Emotionally intelligent people look for the good in others. Then, they share specific praise.

They also focus on nurturing others’ potential. By doing so, they create positive, self-fulfilling prophecies—persons who become the best versions of themselves, because others believe in what they can become.

10. They deliver necessary feedback effectively.

Negative feedback has great potential to cause hurt feelings.

Realizing this, someone who has the highest emotional intelligence reframes criticism as constructive feedback, so the recipient sees it as helpful instead of harmful.

11. They apologize.

“I’m sorry” can be the most difficult words to say.

But emotionally intelligent people realize the power of those words. They also know that saying sorry doesn’t always mean you’re wrong—just that you value your relationship more than your ego.

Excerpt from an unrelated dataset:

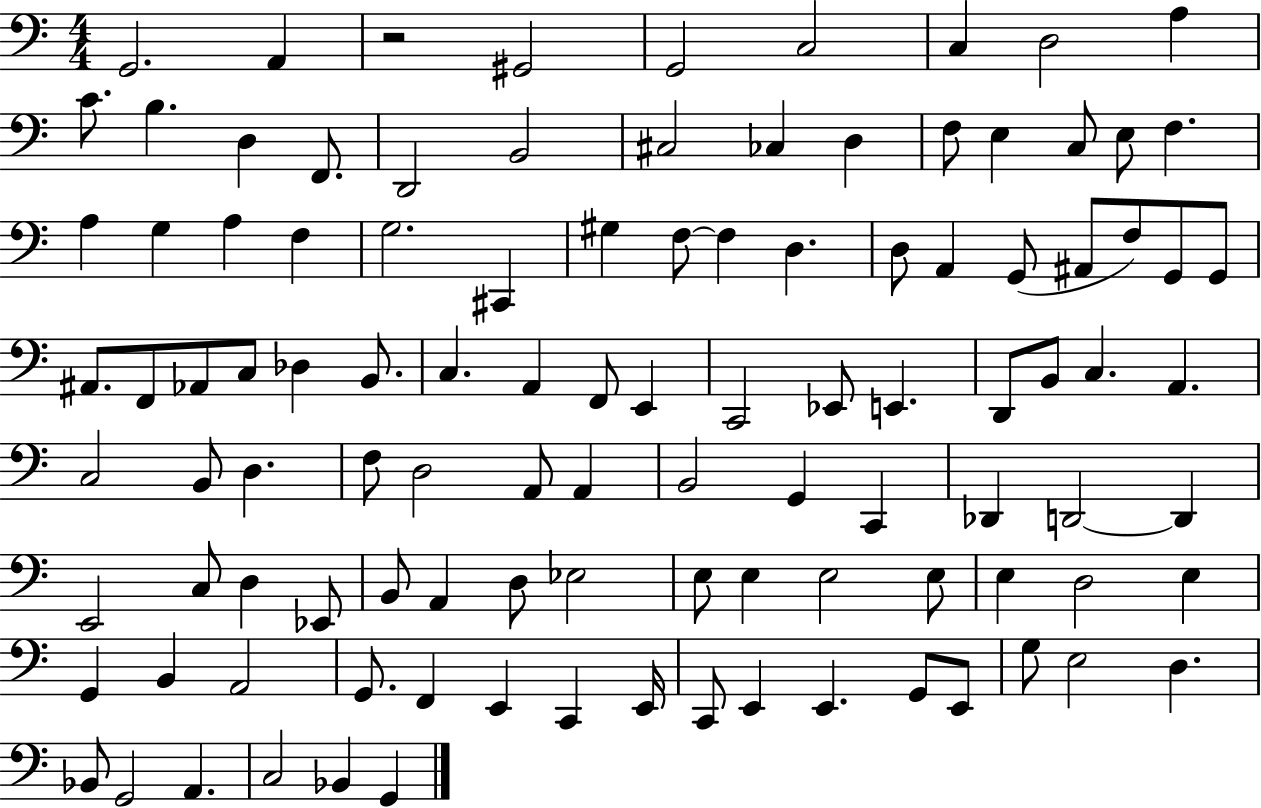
G2/h. A2/q R/h G#2/h G2/h C3/h C3/q D3/h A3/q C4/e. B3/q. D3/q F2/e. D2/h B2/h C#3/h CES3/q D3/q F3/e E3/q C3/e E3/e F3/q. A3/q G3/q A3/q F3/q G3/h. C#2/q G#3/q F3/e F3/q D3/q. D3/e A2/q G2/e A#2/e F3/e G2/e G2/e A#2/e. F2/e Ab2/e C3/e Db3/q B2/e. C3/q. A2/q F2/e E2/q C2/h Eb2/e E2/q. D2/e B2/e C3/q. A2/q. C3/h B2/e D3/q. F3/e D3/h A2/e A2/q B2/h G2/q C2/q Db2/q D2/h D2/q E2/h C3/e D3/q Eb2/e B2/e A2/q D3/e Eb3/h E3/e E3/q E3/h E3/e E3/q D3/h E3/q G2/q B2/q A2/h G2/e. F2/q E2/q C2/q E2/s C2/e E2/q E2/q. G2/e E2/e G3/e E3/h D3/q. Bb2/e G2/h A2/q. C3/h Bb2/q G2/q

12. They forgive and forget.

Hanging on to resentment is like leaving a knife inside a wound. While the offending party moves on with their life, you never give yourself the chance to heal.

But by forgiving and forgetting, emotionally intelligent persons move on—and prevent others from holding their emotions hostage.

13. They keep their commitments.

We live in a world where it’s become commonplace to “bail,” “ghost,” or simply flake out.

But emotionally intelligent people realize that keeping their word–in things big and small—establishes a strong reputation for reliability and trustworthiness.

14. They tell good stories.

Everyone loves a great story.

Realizing this, emotionally intelligent people use anecdotes and narratives to bring numbers, facts, and key ideas to life. Through illustrations and real-life examples, they touch others and motivate them to act.

15. They help others.

One of the best ways to inspire someone is to help them.

By extending a supportive hand, emotionally intelligent people help others to become the best version of themselves.

16. They know when to relax.

Those with high emotional intelligence realize they needn’t understand every feeling as they experience it, or dissect every event as it happens.

Rather, they search for deeper understanding when beneficial. And simply enjoy the moment when not.

17. They safeguard themselves from emotional manipulation.

Emotionally intelligent people realize that there’s a dark side to EQ–like when individuals use deception to manipulate, or pursue selfish goals at the expense of others.

And that’s just one reason they continue to sharpen their own EQ, so they can protect themselves and others.

18. They embrace diversity.

Emotionally intelligent people recognize that EQ comes in all different packages, shapes, and sizes. Man or woman. Quiet or loud. Brash or meek. Leader or follower.

As they become aware of their own emotional tendencies and weaknesses, they endeavor to learn from those who are different–realizing it is these persons from whom they can learn the most.

19. They recognize the power of emotions.

Our emotions influence practically everything about our lives.

They help us decide which career path we take, for which jobs we apply. They determine whether or not we enjoy a movie, a song, or a piece of art. They impact our decisions as to where we will live and for how long. They help us determine with whom we choose to spend our time, whom we fall in love with and marry…and whom we leave behind.

Emotions can cause us to make a split-second decision, with consequences that will follow us for the rest of our lives. At times, they make us feel like we’re stuck in a black hole with no way out—even if in the eyes of the rest of the world we’ve got it made. But they can also provide light at the end of the tunnel, making the most dire of circumstances more bearable.

It is for all these reasons that emotional intelligence is so invaluable.